Alexander and Morton defines neural computing as

“Neural computing is the study of networks with adaptable nodes which, through a process of learning from task examples, store experiential knowledge and make it available for use.”

Artificial neural networks are models that put neural computing in practice. We therefore use the following definition for ANNs as given by Simon Haykin.

Artificial Neural Networks – a definition

Artificial neural networks are massively parallel networks made up of simple nonlinear processing units, which has a natural propensity for storing experiential knowledge and making it available for use. It resembles the brain in two respects:

Knowledge is acquired by the network from its environment through a learning process.
Interneuron connection strengths, known as synaptic weights, are used to store the acquired knowledge.

The neural network derives its computing power through its massively parallel distributed structure and its ability to learn and generalize.

Figure-1

Parallelly connected neurons

Learning in Artificial Neural Networks

Learning Process

Learning in the context of neural network is defined as a process by which the free parameters (synaptic weights and the bias) of an ANN are adjusted or adapted by stimulation from the environment so as to produce the targeted response. A learning algorithm is a set of well-defined rules which governs the learning process.

Any learning process requires the following

Stimulation of the network from the environment.

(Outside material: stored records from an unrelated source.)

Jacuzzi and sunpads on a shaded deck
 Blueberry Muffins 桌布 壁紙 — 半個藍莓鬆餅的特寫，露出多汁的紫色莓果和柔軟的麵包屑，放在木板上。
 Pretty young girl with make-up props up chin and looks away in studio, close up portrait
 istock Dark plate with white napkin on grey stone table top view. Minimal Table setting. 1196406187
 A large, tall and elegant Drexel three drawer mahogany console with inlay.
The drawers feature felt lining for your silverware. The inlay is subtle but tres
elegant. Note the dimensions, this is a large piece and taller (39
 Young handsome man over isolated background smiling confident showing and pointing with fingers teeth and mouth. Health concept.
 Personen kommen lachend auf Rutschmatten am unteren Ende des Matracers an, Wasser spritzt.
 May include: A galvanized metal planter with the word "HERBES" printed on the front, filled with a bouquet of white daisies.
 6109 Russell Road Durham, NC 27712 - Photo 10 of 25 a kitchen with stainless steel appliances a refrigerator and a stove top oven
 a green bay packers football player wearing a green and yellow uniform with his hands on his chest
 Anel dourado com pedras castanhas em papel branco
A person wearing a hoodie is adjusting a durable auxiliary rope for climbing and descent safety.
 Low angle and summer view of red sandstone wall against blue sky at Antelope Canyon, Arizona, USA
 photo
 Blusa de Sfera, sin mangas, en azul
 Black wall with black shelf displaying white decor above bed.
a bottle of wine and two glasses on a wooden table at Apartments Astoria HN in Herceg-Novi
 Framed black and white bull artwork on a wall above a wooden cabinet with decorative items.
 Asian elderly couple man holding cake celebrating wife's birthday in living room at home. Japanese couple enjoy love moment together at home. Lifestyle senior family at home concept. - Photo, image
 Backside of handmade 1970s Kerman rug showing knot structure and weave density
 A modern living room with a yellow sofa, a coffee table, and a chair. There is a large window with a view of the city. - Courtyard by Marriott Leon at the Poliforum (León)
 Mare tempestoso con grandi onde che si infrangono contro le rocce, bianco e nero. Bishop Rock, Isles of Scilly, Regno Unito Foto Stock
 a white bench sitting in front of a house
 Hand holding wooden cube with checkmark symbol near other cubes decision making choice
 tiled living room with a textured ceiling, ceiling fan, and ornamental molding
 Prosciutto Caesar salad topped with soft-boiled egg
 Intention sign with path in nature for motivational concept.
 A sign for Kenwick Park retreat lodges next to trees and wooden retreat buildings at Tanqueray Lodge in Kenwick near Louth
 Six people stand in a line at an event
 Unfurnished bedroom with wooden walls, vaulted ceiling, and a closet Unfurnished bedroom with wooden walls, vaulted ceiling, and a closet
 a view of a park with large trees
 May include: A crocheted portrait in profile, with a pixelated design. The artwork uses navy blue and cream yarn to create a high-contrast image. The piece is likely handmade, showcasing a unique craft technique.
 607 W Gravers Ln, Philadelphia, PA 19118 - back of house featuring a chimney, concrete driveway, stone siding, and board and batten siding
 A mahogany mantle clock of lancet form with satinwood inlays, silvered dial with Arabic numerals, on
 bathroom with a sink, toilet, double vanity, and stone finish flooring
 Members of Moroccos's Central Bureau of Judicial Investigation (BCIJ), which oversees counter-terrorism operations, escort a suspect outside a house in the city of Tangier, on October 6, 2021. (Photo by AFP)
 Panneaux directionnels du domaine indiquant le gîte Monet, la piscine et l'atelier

This provides the inputs.
The network must produce a response. This is the output.
Free parameters of the network comprising of weights and biases are adjusted by an iterative process in order to reduce the difference between the output and the targeted response.

Learning algorithms are dependent on the network architecture. The goal of learning algorithms is to generalize beyond the training data. Driven by their input data artificial neural networks learn by adapting their parameters to optimize an object function (details of objective functions will follow in later posts.)

A learning rule is determined by the manner in which changes in the parameters are implemented.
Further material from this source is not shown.